Your goal =>
Filter the entries below, keeping only lines with the word "Apartment".

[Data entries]
════════

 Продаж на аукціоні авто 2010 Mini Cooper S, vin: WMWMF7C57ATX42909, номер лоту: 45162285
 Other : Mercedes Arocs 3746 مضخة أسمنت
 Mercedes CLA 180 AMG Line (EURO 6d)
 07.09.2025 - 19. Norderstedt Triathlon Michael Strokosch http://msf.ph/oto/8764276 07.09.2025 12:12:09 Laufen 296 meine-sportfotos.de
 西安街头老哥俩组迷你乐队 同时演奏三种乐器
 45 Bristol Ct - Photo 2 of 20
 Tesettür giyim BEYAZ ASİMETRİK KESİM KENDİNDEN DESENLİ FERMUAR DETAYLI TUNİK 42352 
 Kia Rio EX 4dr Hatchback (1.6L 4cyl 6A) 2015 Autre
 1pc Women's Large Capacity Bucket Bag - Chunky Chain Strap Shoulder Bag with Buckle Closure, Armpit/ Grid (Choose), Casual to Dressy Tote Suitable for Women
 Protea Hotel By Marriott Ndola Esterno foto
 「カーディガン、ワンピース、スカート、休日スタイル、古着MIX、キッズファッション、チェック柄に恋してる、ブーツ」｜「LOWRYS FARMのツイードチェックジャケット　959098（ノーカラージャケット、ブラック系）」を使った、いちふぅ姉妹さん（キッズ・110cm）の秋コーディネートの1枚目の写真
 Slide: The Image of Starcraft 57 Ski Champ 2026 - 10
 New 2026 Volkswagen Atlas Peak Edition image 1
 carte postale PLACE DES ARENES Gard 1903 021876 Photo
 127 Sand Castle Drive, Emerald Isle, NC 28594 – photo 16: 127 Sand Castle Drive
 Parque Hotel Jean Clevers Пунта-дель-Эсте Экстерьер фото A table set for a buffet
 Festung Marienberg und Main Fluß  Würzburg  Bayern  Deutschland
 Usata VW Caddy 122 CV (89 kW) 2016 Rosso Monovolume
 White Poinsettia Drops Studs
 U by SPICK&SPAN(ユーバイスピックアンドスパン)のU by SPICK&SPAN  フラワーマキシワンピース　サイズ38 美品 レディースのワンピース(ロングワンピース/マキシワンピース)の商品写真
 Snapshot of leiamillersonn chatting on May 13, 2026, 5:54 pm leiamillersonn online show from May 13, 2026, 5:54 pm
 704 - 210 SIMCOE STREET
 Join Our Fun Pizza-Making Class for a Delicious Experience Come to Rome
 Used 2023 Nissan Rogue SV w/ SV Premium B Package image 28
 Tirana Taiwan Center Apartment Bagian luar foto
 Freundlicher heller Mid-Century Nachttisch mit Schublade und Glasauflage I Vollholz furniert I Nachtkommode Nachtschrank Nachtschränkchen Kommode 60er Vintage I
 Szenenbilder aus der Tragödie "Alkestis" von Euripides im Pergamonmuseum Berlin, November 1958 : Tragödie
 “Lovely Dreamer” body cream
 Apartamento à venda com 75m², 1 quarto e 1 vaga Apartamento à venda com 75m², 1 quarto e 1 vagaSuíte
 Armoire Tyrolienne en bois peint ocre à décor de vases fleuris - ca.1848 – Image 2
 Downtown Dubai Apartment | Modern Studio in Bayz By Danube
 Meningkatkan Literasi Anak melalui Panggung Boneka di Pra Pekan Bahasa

════════

Output of the task =>
 Tirana Taiwan Center Apartment Bagian luar foto
 Downtown Dubai Apartment | Modern Studio in Bayz By Danube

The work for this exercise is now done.